This was not the script – Steve Clarke must not have received it. This was to be Brendan Rodgers announcing himself as the new messiah at Liverpool with his fresh brand of football to revolutionise the club.
After a Daniel Agger red card, two penalties and a bunch of missed opportunities, travelling fans were left gesticulating in anguish at the end. It may as well have been Kenny in the dugout.
It had taken the buoyant visiting contingent just seven minutes to proclaim that there is "only one" of their manager. Hopefully, for Rodgers' sake, the supporters' adoration continues. The slump in Premier League performance and position over the last few years would not be fixable on just the one afternoon at the Hawthorns. Nor would a crushing defeat bludgeon hope. This is a "project" and one which is not defined in a 90 minutes of slight misfortune and poor finishing.
"I thought the scoreline and the two [penalty] decisions were harsh," Rodgers said. "We looked like we were going to get the first goal. When we were chasing the game it became difficult."
He added: "It is a marathon," pointing towards work-in-progress. "I've heard a lot said about patience, but we have to win games. It was a bad day at the office. I thought they were showing signs that they coped well with the ideas."

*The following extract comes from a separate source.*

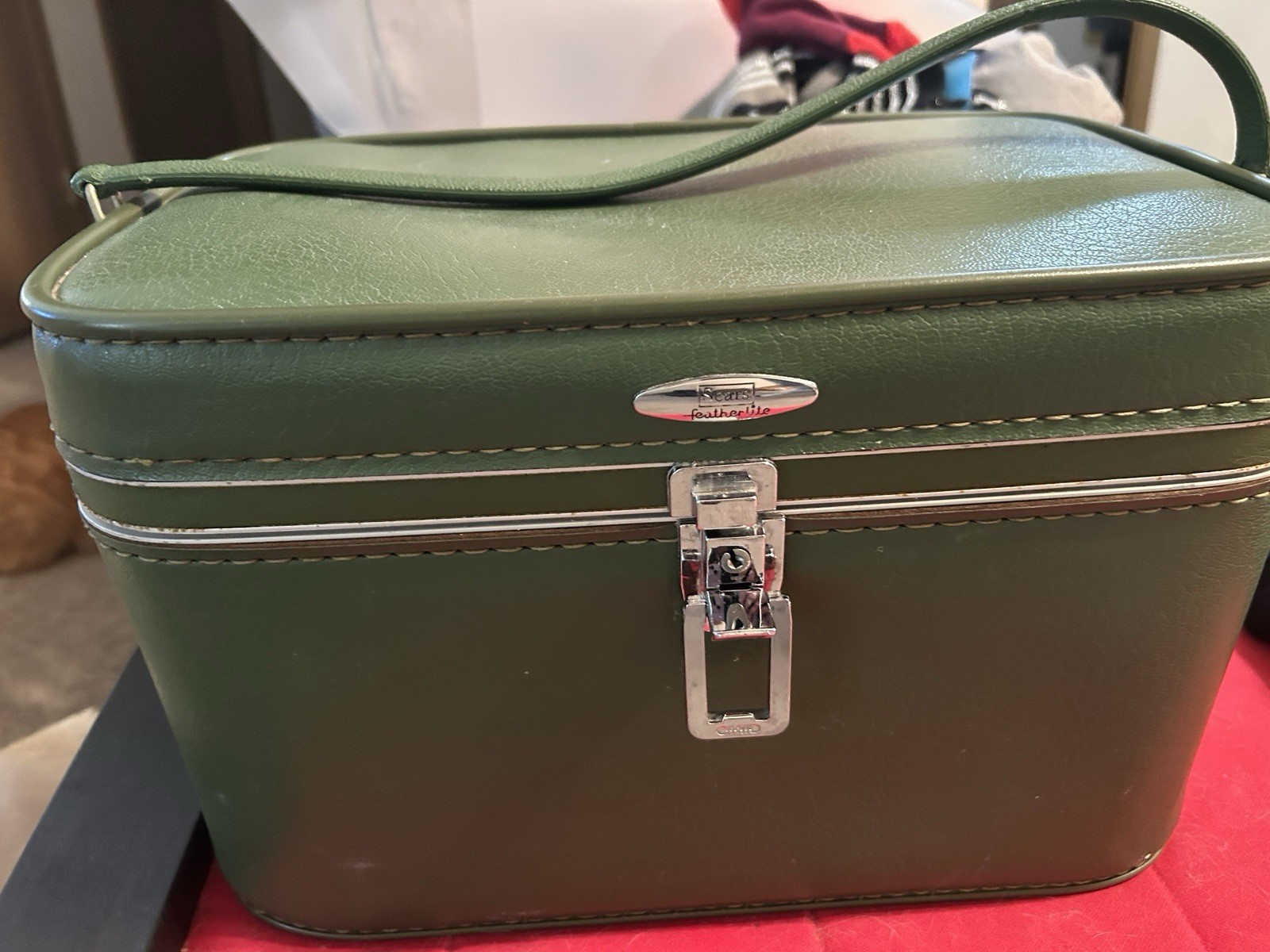 Green Vintage Sears Featherlite Train Case with Key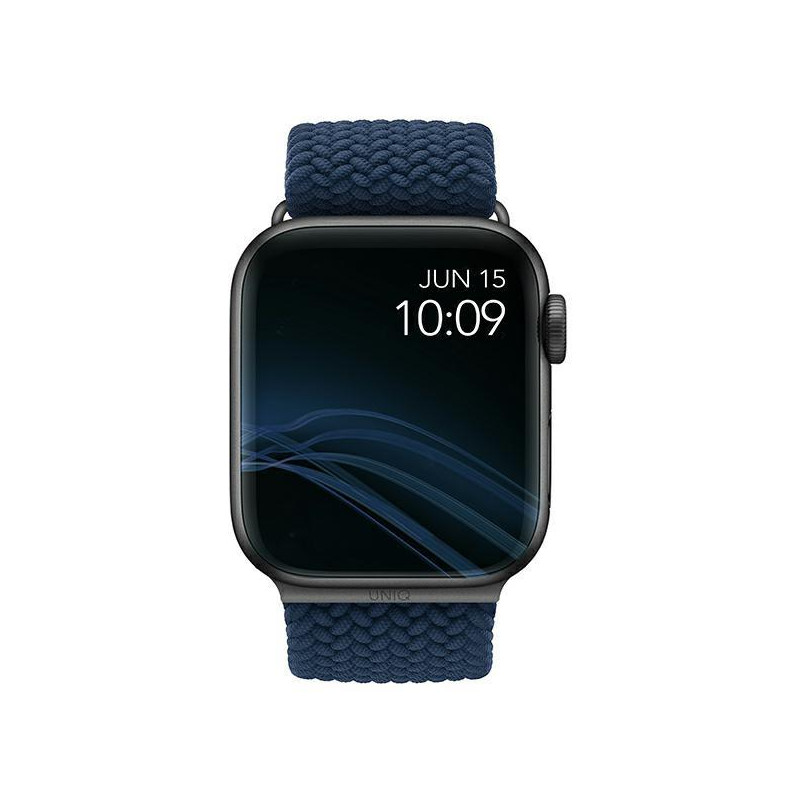 UNIQ Aspen pintas dirželis, skirtas Apple Watch 1/ 2/ 3/ 4/ 5/ 6/ 7/ 8/ SE/ SE2 44/ 42/ 45 mm – mėlynas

That said, the Swansea-like approach looked like offering an impressive new dawn earlier in the piece, suggesting that encouraging times may not be too far away for a squad with undeniable ability scorching through its core. Joe Allen provided depth to the midfield three and with games should supplement Lucas well in a team insistent on keeping the ball.

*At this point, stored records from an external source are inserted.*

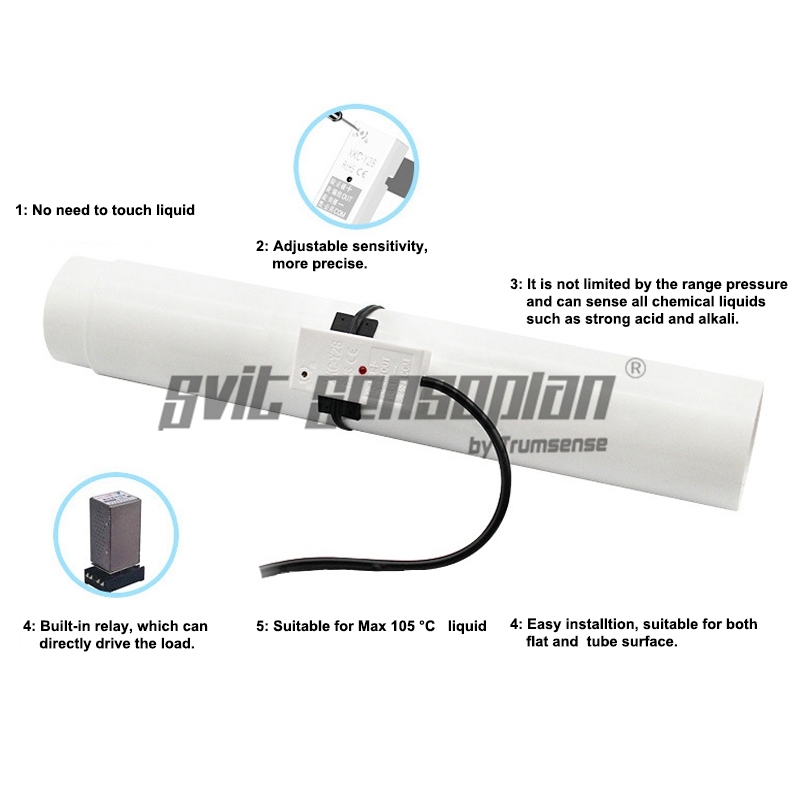 XKC-Y28 DC 12V, емкостной бесконтактный датчик уровня жидкости, датчик уровня воды в трубопроводе, датчик уровня воды в резервуаре, сухой выход, встроенное реле.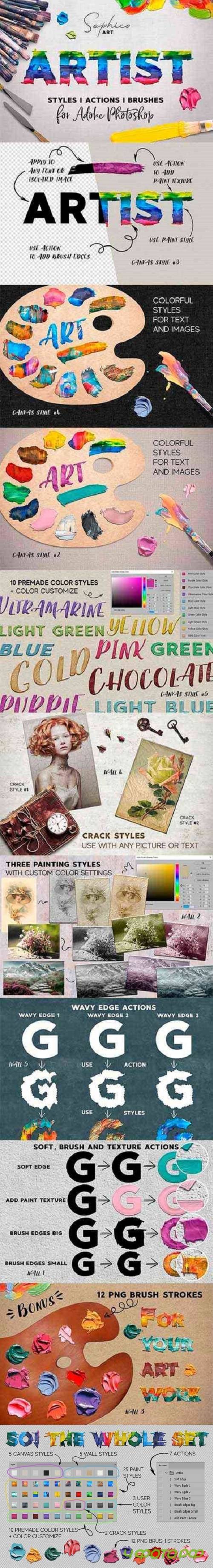 Artist Styles Actions Brushes Set - 4286200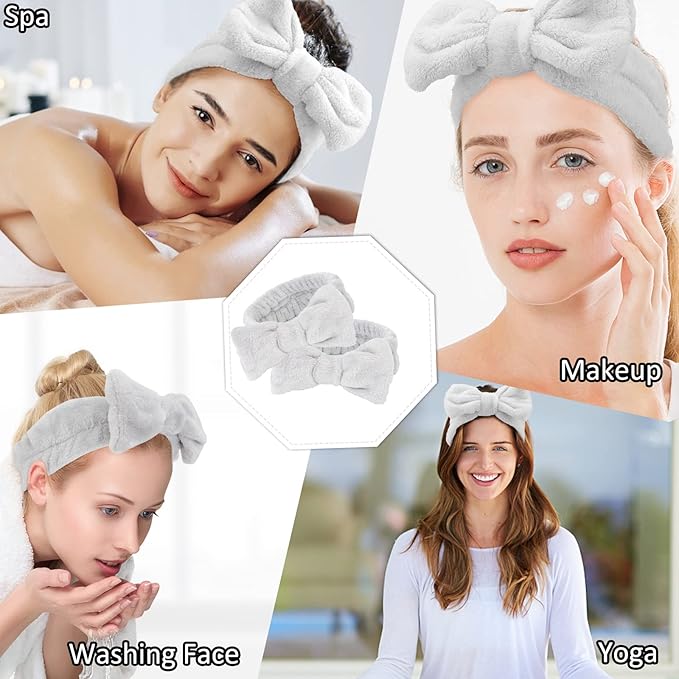 Casoty 6 Pcs Grey Spa Headband, Bow Hair Band, Soft Coral Fleece Makeup Headband, Hair Band for Washing Face, Skincare Headbands for Face Washing Shower Skin Care Yoga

Luis Suarez stung the palms of Ben Foster and should have done far better when picked out by Glen Johnson four yards out, but his header flew over a gaping goal. The striker was to go on and miss several more.
Although always a lingering threat, Suarez didn't produce the real standout moment of quality in an engaging opening fixture. That accolade was reserved solely for Zoltan Gera. The winger, back in the Albion side after a horrific run of injuries, loitered on the edge of the Liverpool box hoping to pick up a second ball from a corner. That he did: the first touch to tee himself up and the second a vicious 25-yard half-volley which flew beyond the despairing Pepe Reina. It was the first time Gera has netted in the league since November 2010, and he celebrated like it too. The kit sponsors, Zoopla, have promised to give £1,000 to charity for every goal this season. For Gera's stunner, they possibly ought to double that offer.
Clarke, the new man in charge of the Baggies, saw his side follow instructions to the letter in a winning blend of bustling midfield play and purity in possession – following on from his predecessor Roy Hodgson. They have recruited quietly and with minimal fuss – an attitude encapsulated by the operation of a new holding spoiler in Claudio Yacob, who did an excellent marshalling job on Steven Gerrard.
Yacob did such a job on Gerrard that the England captain decided that, approaching the hour-mark, it was time to drop deep and orchestrate proceedings. In doing so, he gave away cheap possession, allowing the hosts to break with James Morrison, clipping a ball through for Shane Long to chase. When he was in the clear, Agger tripped him, received his marching orders and the Irishman stepped up to double the lead. Not so. His sauntered run-up gave Reina the edge and he comfortably saved.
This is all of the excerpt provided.